I moved without will. I couldn’t stop.
“What does one seek,” he asked, though his lips never moved, “when they’ve already achieved so much?”
“A family,” I whispered.
He removed his hat slowly and looked at me. “Your mother asked for the same thing once, when she was your age.”
The sand beneath my feet grew warm for a moment, then vanished entirely. Cold crept in, seeping into my skin and tightening around my bones.
I was no longer in Ravensla.
I was sixteen again.
A hand touched my shoulder. I turned too quickly and, for a moment, I thought I saw a ghost. Not the glowing kind from the horror stories Cully used to read to me, but something solid. Something real.
“Klaus!” I gasped.
I threw myself into his arms. He caught me without hesitation, and the scent of pine and smoke wrapped around me like a memory I wasn’t ready for.
“Klaus,” I whispered again, barely able to breathe his name.
Worry dimmed the gold in his eyes as he looked me over. “Are you hurt?” he asked.
I buried my face in his chest, clinging to the illusion, because I knew damn well this couldn’t be real. “No. I missed you,” I said, my voice trembling.
Klaus smiled gently. “I went hunting with Charles. Knox caught a few squirrels. Plans to fry them for dinner, but I’ll vanish before that disaster unfolds.”
None of this was real.
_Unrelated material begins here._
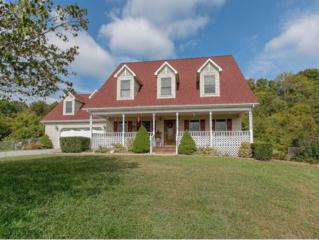 910 Poteat Lane , Fall Branch, TN 37656 (MLS #353673) :: Jim Griffin Team 910 Poteat Lane , Fall Branch, TN 37656 (MLS #353673) :: Jim Griffin Team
I knew it wasn’t, but I couldn’t stop it.
“I’ll come with you,” I said anyway, clinging to the lie.
We descended the stairs together, our footsteps muted by the thick snow pressing against the house. Aides moved past us in stiff silence, hauling iron buckets of seeds.
“They’re mad,” I murmured. “The seeds won’t take in frost. They’ll die.”
Klaus chuckled, spreading his arms. “Father bartered with a Summer Serpent at the annual Bid. We’ll have sun for a while.”
But the light was wrong.
It gleamed too sharp, too clean. I raised a hand to my brow, shielding myself from the glare. Colindale light was never this blinding.
“It’s not our sun,” Klaus said, gaze tracing lazy shapes through the clouds. “You can tell by the hue.”
His voice broke something in me. I wanted to stay frozen in this lie. To let it last. “What did Father trade?” I asked, eyeing the leather-bound journal tucked beneath his tunic. Did he know that he was a Seeker?
He arched a brow. “Nothing good.”
I already knew. But I couldn’t say it.
“What’s in your journal?”
“Mostly poems,” Klaus said with a grin, bumping his shoulder against mine. “You never asked about my poems before,” he teased. “It was always Cully’s you wanted to hear.”
We wandered deeper into the woods. I clung to Klaus’s arm, unwilling to let go. The trees thickened around us, their limbs gnarled like old hands reaching through the snow. The light dimmed as shadows stretched long across the frost.
“We shouldn’t go any further,” I said, my voice unsteady. “Not without help. Or weapons.”
He laughed, easy and sure, as if nothing could touch us. “The ice beasts are dying in this heat.”